*Goal of the exercise:*
Please give an exact copy of every line from the one holding "Wohnung zum Kauf" through the final line of the records below.

*** Materials provided

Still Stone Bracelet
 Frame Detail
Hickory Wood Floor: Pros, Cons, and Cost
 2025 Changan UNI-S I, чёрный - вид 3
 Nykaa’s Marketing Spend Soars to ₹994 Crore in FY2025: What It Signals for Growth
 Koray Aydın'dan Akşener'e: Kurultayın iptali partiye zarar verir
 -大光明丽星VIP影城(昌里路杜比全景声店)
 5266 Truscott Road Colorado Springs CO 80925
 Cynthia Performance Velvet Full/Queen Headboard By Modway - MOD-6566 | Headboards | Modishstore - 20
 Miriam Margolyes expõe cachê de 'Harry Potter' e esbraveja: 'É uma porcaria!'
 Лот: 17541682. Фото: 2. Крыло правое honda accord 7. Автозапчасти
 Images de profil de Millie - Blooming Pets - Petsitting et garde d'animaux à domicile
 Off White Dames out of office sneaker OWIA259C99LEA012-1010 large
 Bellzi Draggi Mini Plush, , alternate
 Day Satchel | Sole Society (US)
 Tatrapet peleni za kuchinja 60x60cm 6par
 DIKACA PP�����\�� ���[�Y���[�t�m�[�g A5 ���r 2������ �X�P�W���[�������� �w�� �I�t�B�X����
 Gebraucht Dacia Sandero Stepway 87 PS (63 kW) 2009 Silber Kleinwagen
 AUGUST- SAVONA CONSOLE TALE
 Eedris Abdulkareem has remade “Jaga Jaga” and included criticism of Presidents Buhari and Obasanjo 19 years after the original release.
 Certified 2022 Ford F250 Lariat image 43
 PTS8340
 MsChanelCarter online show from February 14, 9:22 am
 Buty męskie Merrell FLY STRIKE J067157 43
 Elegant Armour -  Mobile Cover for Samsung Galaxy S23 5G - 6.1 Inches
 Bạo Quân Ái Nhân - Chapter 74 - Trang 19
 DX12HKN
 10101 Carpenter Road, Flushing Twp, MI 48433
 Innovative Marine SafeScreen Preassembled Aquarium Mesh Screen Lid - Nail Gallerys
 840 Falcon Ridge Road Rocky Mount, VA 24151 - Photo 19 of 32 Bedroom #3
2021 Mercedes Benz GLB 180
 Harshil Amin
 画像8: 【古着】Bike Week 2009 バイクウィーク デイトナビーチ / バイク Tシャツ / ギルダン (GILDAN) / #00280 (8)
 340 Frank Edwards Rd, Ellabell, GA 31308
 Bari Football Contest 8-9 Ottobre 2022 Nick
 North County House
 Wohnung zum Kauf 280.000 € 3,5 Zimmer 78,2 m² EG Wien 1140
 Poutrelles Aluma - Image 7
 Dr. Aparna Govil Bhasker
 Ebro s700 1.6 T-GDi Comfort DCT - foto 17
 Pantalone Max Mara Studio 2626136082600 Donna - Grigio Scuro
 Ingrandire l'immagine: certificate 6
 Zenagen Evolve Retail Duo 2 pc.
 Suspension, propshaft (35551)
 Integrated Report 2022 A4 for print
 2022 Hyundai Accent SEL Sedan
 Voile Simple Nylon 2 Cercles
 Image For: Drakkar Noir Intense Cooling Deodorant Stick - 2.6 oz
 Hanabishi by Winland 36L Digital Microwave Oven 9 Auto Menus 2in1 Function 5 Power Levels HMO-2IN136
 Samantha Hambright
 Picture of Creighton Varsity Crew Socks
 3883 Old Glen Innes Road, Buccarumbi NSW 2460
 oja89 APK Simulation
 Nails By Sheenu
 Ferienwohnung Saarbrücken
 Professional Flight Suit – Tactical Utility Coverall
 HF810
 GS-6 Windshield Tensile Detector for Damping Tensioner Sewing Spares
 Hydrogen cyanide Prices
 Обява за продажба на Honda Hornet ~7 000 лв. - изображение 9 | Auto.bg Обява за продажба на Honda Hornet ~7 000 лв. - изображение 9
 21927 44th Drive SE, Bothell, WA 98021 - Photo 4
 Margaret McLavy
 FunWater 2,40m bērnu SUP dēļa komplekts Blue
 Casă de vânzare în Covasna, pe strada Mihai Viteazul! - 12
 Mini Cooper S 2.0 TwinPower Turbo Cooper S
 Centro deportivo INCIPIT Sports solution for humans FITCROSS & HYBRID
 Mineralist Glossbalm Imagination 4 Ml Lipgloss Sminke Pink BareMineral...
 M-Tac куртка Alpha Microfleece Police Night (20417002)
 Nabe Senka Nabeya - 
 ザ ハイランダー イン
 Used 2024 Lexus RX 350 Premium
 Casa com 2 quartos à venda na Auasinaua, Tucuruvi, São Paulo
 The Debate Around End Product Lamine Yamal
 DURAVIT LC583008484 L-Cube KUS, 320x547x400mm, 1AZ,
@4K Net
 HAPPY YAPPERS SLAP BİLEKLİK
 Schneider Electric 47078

******

*The answer:*
 Wohnung zum Kauf 280.000 € 3,5 Zimmer 78,2 m² EG Wien 1140
 Poutrelles Aluma - Image 7
 Dr. Aparna Govil Bhasker
 Ebro s700 1.6 T-GDi Comfort DCT - foto 17
 Pantalone Max Mara Studio 2626136082600 Donna - Grigio Scuro
 Ingrandire l'immagine: certificate 6
 Zenagen Evolve Retail Duo 2 pc.
 Suspension, propshaft (35551)
 Integrated Report 2022 A4 for print
 2022 Hyundai Accent SEL Sedan
 Voile Simple Nylon 2 Cercles
 Image For: Drakkar Noir Intense Cooling Deodorant Stick - 2.6 oz
 Hanabishi by Winland 36L Digital Microwave Oven 9 Auto Menus 2in1 Function 5 Power Levels HMO-2IN136
 Samantha Hambright
 Picture of Creighton Varsity Crew Socks
 3883 Old Glen Innes Road, Buccarumbi NSW 2460
 oja89 APK Simulation
 Nails By Sheenu
 Ferienwohnung Saarbrücken
 Professional Flight Suit – Tactical Utility Coverall
 HF810
 GS-6 Windshield Tensile Detector for Damping Tensioner Sewing Spares
 Hydrogen cyanide Prices
 Обява за продажба на Honda Hornet ~7 000 лв. - изображение 9 | Auto.bg Обява за продажба на Honda Hornet ~7 000 лв. - изображение 9
 21927 44th Drive SE, Bothell, WA 98021 - Photo 4
 Margaret McLavy
 FunWater 2,40m bērnu SUP dēļa komplekts Blue
 Casă de vânzare în Covasna, pe strada Mihai Viteazul! - 12
 Mini Cooper S 2.0 TwinPower Turbo Cooper S
 Centro deportivo INCIPIT Sports solution for humans FITCROSS & HYBRID
 Mineralist Glossbalm Imagination 4 Ml Lipgloss Sminke Pink BareMineral...
 M-Tac куртка Alpha Microfleece Police Night (20417002)
 Nabe Senka Nabeya - 
 ザ ハイランダー イン
 Used 2024 Lexus RX 350 Premium
 Casa com 2 quartos à venda na Auasinaua, Tucuruvi, São Paulo
 The Debate Around End Product Lamine Yamal
 DURAVIT LC583008484 L-Cube KUS, 320x547x400mm, 1AZ,
@4K Net
 HAPPY YAPPERS SLAP BİLEKLİK
 Schneider Electric 47078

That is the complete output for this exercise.